Why We Should Treat our Teachers Better

Teacher’s salaries have continued to decrease over the past few decades. As a result, becoming a teacher has become significantly less appealing to college graduates. It is much more encouraging to enter a field where you can earn more money from the start. This is frustrating for our education system though because in some schools there aren’t enough teachers for the number of students and in others the teachers are not good teachers. On top of this, we judge our teachers on how their students perform on tests, which is not always the best way to evaluate teachers’ performance. Criticizing our teachers and paying them low salaries is not the way to convince more people to become teachers. It may be worth it to reevaluate how we treat our teachers because the costs to the students’ education are rising higher than we think.


  1. wenx Said,

    November 23, 2016 @ 2:30 pm

    Excellent point! Teacher’s salary, in the point here, should be increased by a positive externalities in order to reach a efficient equilibrium. If the salaries of teacher increase, the job market of teaching would attract more talented potential teachers, which would result in competition in the job market. This would lead to better teachers in school and bettie education for the students. A better education for students would benefit the development of the country. Therefore the raise of the salary can benefit a third party. Teacher’s salary should be increased by a positive externalities, and resulting in the maximisation of social surplus.

  2. bartolon Said,

    November 27, 2016 @ 5:13 pm

    I think you bring up a very relevant point of how America must reevaluate how we treat our teachers. The article you shared was thought-provoking, and offered strong evidence that illustrated the negative externalities surrounding America’s treatment of teachers. It seems so counterintuitive to preach to young people today the value of education, but then when they grow up they learn that teachers are often underpaid and not supported.

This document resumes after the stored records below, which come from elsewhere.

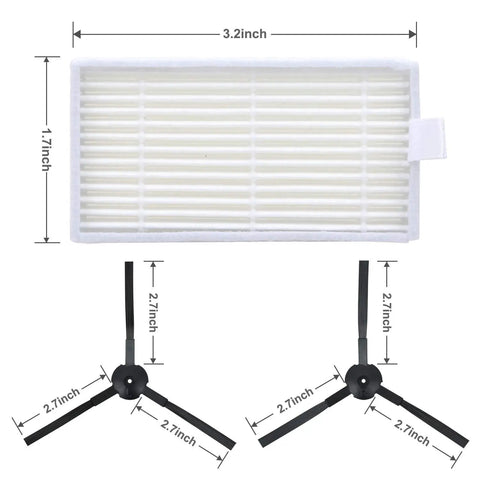 Dimensions of All In One Vacuum Filter Kit Replacement For ILIFE Robotic Vacuums V3 V3S V5 V5s Pro showing filter and brushes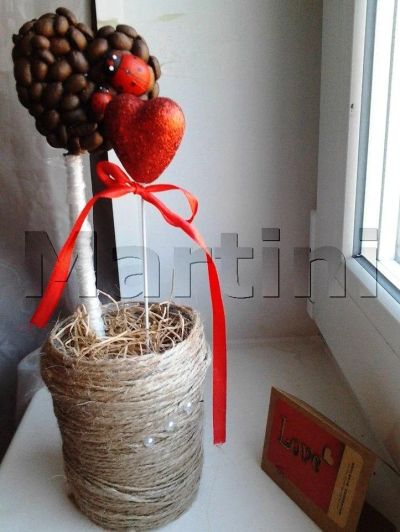 Лот: 3710428. Фото: 1. Кофейное Сердце с божьими коровками. Подарки на 8 марта
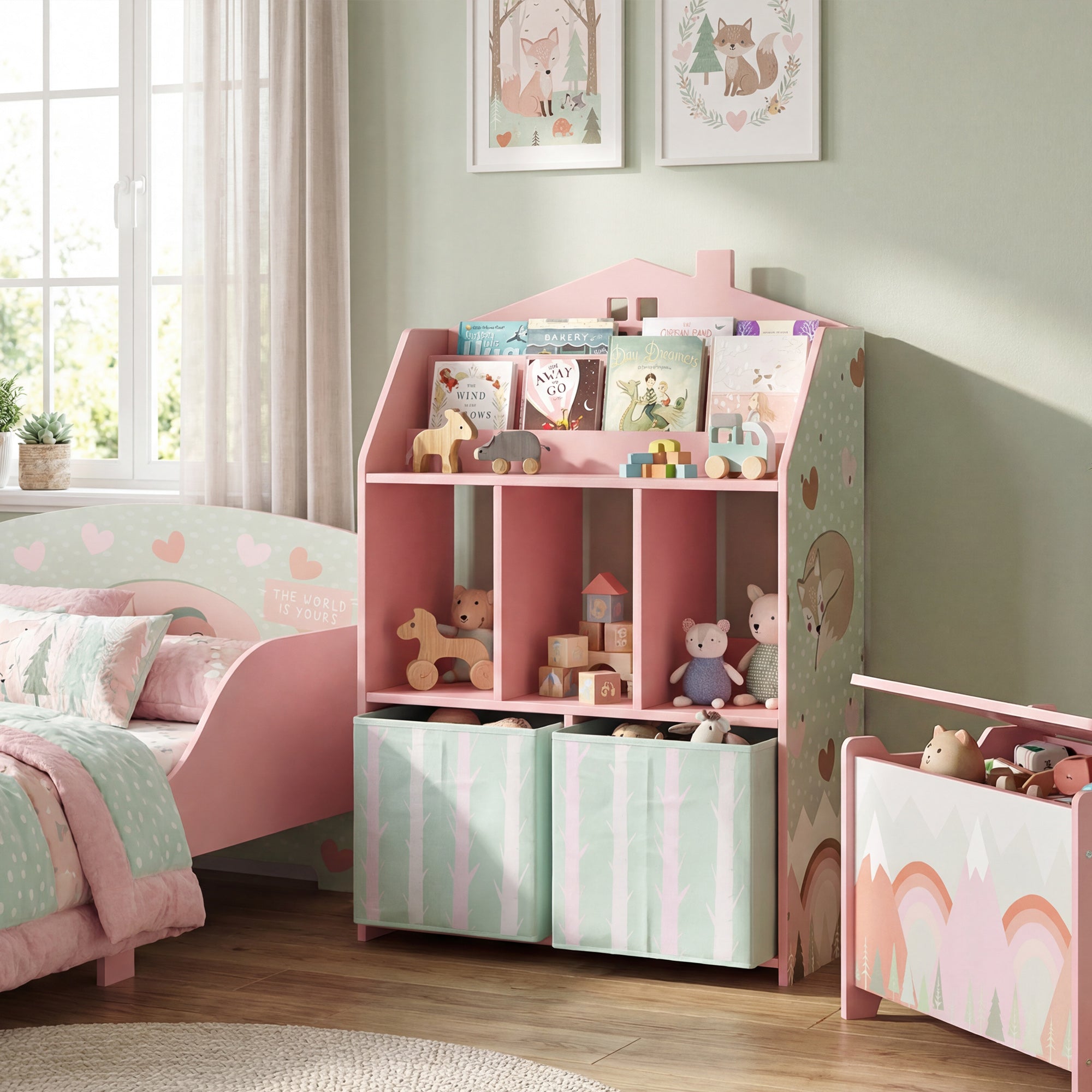 Qaba Kids Bookshelf with Storage, Toy Storage Unit with Book Display, Shelves and Fabric Drawers for Playroom Nursery, Pink-Toys & Games > Toddler & Kids Furniture > Baby & Kids Storage-DECOROLALA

    The demand for teachers will consistently increase as populations age and then retire, and then new generations shift into the workforce. However, if America continues to underpay its teachers and not value their role and potential as educators, college graduates will not be drawn to the profession and the large turnover cost will remain, which could have a devastating impact on the next generation’s education.

  3. cortij Said,

    December 8, 2016 @ 4:24 am

    I agree with the previous comments that were made. I believe that in order to reach the efficient equilibrium for teachers, the government should increase the salaries for teachers by subsidizing their pay with taxes paid for by the community as a whole. The only downside to this, however, is that by having more people want to get in the teaching profession, other industries could face a downfall in labor demanded, thus decreasing the quality and supply of products in fields like law or medicine.